Thanks for the link. Looks like it could work. I can't imagine there is much kick using 38's in a medium frame 4 or 6" 357 revolver.

Now I just need to decide if I want to get a 22 or just get a 357 and practice with 38's. The 357 would cost roughly double what the 22 would. But the 357 could be used has an HD gun where the 22 really can't......I mean it could but it's not what I would want to grab if I really needed to protect the family. I'm drawn to the 357 revolvers.....don't know why. Just something about the simplicity and utility of a good revolver. But if (IF) I want to compete with these guys I don't think I could use a revolver if they are shooting 22's or 45's.

Decisions, decisions.........


----------



## PanaDP (Jul 20, 2007)

Fred40 said:


> Thanks for the link. Looks like it could work. I can't imagine there is much kick using 38's in a medium frame 4 or 6" 357 revolver.
> 
> Now I just need to decide if I want to get a 22 or just get a 357 and practice with 38's. The 357 would cost roughly double what the 22 would. But the 357 could be used has an HD gun where the 22 really can't......I mean it could but it's not what I would want to grab if I really needed to protect the family. I'm drawn to the 357 revolvers.....don't know why. Just something about the simplicity and utility of a good revolver. But if (IF) I want to compete with these guys I don't think I could use a revolver if they are shooting 22's or 45's.
> 
> Decisions, decisions.........


Is shooting speed a factor? I'm guessing not if the guys shooting .22s are in the same class as the guys shooting .45s. If that is the case, revolvers can be shot very accurately.


----------



## Fred40 (Jan 7, 2008)

Ok......call me stupid. I just figured out these guys are all "Bullseye" shooters....AKA "Conventional Pistol Competition". 

It's all one handed shooting. 50ft indoor, 25 & 50 yards outdoor. Both slow shooting and speed shooting. The "bullseye" is about the size of the bottom of a coffee can at 50 yards and these guys hit it shooting 45's one handed. Sounds like an expensive hobby if you get serious about it.

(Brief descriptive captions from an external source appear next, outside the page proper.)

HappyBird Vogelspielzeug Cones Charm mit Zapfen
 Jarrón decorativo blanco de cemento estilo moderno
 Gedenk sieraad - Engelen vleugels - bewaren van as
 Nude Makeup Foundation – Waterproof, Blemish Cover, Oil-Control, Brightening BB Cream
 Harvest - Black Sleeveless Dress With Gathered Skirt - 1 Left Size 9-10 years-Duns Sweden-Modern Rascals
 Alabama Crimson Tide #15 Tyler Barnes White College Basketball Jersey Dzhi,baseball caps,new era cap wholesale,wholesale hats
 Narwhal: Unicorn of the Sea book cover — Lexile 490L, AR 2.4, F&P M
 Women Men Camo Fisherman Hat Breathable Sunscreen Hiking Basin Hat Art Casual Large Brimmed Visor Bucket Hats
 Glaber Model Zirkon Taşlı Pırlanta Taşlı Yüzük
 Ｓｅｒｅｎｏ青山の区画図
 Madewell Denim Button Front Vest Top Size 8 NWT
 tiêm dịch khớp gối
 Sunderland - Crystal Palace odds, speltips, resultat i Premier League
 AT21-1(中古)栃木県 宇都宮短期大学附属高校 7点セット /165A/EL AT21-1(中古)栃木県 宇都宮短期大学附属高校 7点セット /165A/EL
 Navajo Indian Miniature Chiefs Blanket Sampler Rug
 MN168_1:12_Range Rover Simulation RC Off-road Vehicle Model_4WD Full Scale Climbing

No "off the shelf" 45's here.


----------



## babs (Nov 30, 2007)

And the fact you're telling us about it means you were successful at it. hehe.. Congratulations!!! The more you shoot, the more fun it is.. Just remember the rules.. Ah you probably know them but what the heck, I got 'em saved so I'll post 'em here just for giggles. :mrgreen:

RULE I:
ALL GUNS ARE ALWAYS LOADED.. Period!

RULE II:
NEVER LET THE MUZZLE COVER ANYTHING YOU ARE NOT WILLING TO DESTROY

RULE III:
KEEP YOUR FINGER OFF THE TRIGGER UNTIL YOUR SIGHTS ARE ON THE TARGET

RULE IV:
BE SURE OF YOUR TARGET AND WHAT'S BEHIND IT


----------



## PanaDP (Jul 20, 2007)

Fred40 said:


> Ok......call me stupid. I just figured out these guys are all "Bullseye" shooters....AKA "Conventional Pistol Competition".
> 
> It's all one handed shooting. 50ft indoor, 25 & 50 yards outdoor. Both slow shooting and speed shooting. The "bullseye" is about the size of the bottom of a coffee can at 50 yards and these guys hit it shooting 45's one handed. Sounds like an expensive hobby if you get serious about it. No "off the shelf" 45's here.


I see no reason why someone couldn't be very competitive with a nice 4-6 inch double action revolver in competition like that.


----------



## Wyatt (Jan 29, 2008)

I have an S&W 686 4" and I shoot mostly 38's through it, just enough of the magnum loads to stay sharp with the HD round. It's a great gun and quite accurate actually. Fun to shoot too. I know pistols are all the rage and I own a nice one, but revolvers have their own different kind of cool. There's a timeless beauty to a good revolver.


----------



## TOF (Sep 7, 2006)

Fred40 said:


> Would a .357 revolver shooting 38's qualify?
> 
> I'm in a small town in northern Michigan.....but not UP northern.


Yes. .38 special should yield 800 FPS give or take a bit

:smt1099


----------



## JeffWard (Aug 24, 2007)

Somthing tells me MY Buck Mark would not qualify???

Aren't CCI Blazer Hyper Velocity 22LRs out of a 7.25" barrel a LITTLE quicker than 850fps???

Just guessing.

JW


----------



## Mike Barham (Mar 30, 2006)

PanaDP said:


> I see no reason why someone couldn't be very competitive with a nice 4-6 inch double action revolver in competition like that.


Revolvers haven't been seen in conventional pistol is decades, and are simply not competitive in that game. They are more difficult to use than autos, especially in the Rapid Fire stage, because they must be thumb-cocked for each shot. This is not only slow, but it means the shooter's grip must be readjusted after every shot, often leading to inconsistency in a game that values consistency above everything else.

Still, if one is not taking competition seriously, a good 4" .357 revolver is a great first gun.


----------



## gmaske (Jan 7, 2008)

You just can't beat a Smith & Wesson 586 or 686 revolver. My first new to me hand gun was a 6" 586 and it is a tack driving sun of a gun with the right .38 special ammo and the weight will negate a chunk of the recoil. If I was to do it over I think I'd be happier with a 4" barrel just for the handiness. I hear tell that the Ruger double action revolver is a keeper too!
The Ruger Mark I, II, and III .22 pistols are wonderful and cheap to shoot. Browning has a sweet .22 simiauto target type pistol too.


----------



## Fred40 (Jan 7, 2008)

The competition requires a 22, then a 32 or greater and then a .45ACP. A revolver could be used but would handicap you during the rapid fire portion. Virtually everyone shoots just two guns instead of three (using the .45ACP for both the middle portion of the competition in addition to using it during the required .45ACP portion).

The most popular 22 is the S&W 41 which goes for around $900. And custom _accurized_ 1911's that probably start at $1500 and go up from there.

Scopes (Both Red Dot and traditional) are allowed, but no lasers.

The goal is to shoot a 2700 in the completion (90 shots during each portion) with each bullseye hit being worth 10 points. A score of 2700 has never been accomplished. In fact a perfect 900 on a single portion has never been shot....but some have come very close. Oh I was wrong earlier.....the bullseye is 3.3 inches at 50 yards! With the x ring being only 1.7 inches at 50 yards.....shooting standing up.....with one hand.


----------